= What the exercise asks =
Work out how many lines of the listing hold the string "Blue", then answer with that number and nothing else.

= Data =
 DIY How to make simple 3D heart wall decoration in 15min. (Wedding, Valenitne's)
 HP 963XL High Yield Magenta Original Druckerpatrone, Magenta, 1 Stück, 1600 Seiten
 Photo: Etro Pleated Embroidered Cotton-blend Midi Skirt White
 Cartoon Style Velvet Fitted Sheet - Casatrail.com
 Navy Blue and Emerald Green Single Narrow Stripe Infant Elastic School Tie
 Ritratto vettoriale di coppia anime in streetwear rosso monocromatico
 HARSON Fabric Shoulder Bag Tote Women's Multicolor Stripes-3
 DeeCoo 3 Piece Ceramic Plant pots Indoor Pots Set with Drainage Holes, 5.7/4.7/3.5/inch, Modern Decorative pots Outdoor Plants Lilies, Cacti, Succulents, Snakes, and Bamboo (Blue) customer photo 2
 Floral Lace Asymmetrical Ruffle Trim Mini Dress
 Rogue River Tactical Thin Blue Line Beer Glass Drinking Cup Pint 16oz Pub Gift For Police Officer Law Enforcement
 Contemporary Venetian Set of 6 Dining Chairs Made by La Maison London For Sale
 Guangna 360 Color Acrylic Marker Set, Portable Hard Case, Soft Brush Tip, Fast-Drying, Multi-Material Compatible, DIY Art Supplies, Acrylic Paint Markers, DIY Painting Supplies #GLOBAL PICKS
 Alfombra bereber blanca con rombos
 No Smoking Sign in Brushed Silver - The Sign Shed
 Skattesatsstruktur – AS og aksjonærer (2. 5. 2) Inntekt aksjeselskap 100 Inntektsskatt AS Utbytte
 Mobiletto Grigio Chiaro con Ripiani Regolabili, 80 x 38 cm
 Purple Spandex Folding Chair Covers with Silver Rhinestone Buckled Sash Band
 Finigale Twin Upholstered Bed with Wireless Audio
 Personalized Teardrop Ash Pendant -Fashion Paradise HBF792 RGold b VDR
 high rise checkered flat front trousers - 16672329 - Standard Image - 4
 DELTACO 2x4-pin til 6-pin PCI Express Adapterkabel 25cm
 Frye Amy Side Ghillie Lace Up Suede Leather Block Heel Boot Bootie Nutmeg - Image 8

= Answer to this task =
3